Rwandan Foreign Affairs ministry has congratulated Burundian president-elect Major General Evariste Ndayishimiye on his victory in the presidential election, according to a diplomatic note obtained Monday in Kigali.
The communique started with the Ministry of Foreign Affairs and International Cooperation of the Republic of Rwanda presenting its compliments to the Ministry of Foreign Affairs of the Republic of Burundi.
Thereafter, the ministry presented “A message of congratulations that the Government of the Republic of Rwanda sends to the Government of the Republic of Burundi, on the occasion of the election of Major General Evariste Ndayishimiye to the Presidency of Burundi,” the message reads,
“The Government of the Republic of Rwanda would like to extend its congratulations to the new President of the Republic of Burundi, General Major Evariste Ndayishimiye, and seize this opportunity to express its will to work for the improvement of the historical relations which exist between our two brotherly countries,” the diplomatic note adds.
Other leaders who have gotten messages directly from President Kagame include Kenya’s Uhuru Kenyatta, Tanzania’s John Pombe Magufuli, President Mokgweetsi Masisi of Botswana and South Africa’s Cyril Ramaphosa.
This past week, the Burundi Constitutional Court declared Major Ganeral Ndayishimiye winner of the May 20 vote with over 60 percent.
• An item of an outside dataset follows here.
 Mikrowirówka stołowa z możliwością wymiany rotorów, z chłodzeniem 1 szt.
His closest challenger Agathon Rwasa, also a former rebel leader, did try to go to Constitutional Court, but with no results.
Relations between outgoing Burundi President Pierre Nkurunziza went cold following the failed May 2015 coup in Burundi. As the coup happened, Nkurunziza was in Arusha, Tanzania for the summit of the East African Community (EAC). Kagame was there too.
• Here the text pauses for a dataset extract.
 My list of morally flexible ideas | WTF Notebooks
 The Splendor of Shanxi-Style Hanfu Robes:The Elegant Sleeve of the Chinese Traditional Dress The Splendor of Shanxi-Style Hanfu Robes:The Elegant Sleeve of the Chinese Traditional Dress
However before Nkurunziza went to Arusha, he had also met Kagame on April 13, a month earlier, in Huye district of Rwanda. It is a border region. It is the last time the two leaders have been in the same room at a bilateral level.
President Nkurunziza’s government and his ruling party has publicly accused Rwanda of backing coup plotters. It went as far as organising weekly protests in border regions, with hundreds of party militants carrying placards denouncing Kagame and his ruling Rwanda Patriotic Front (RPF).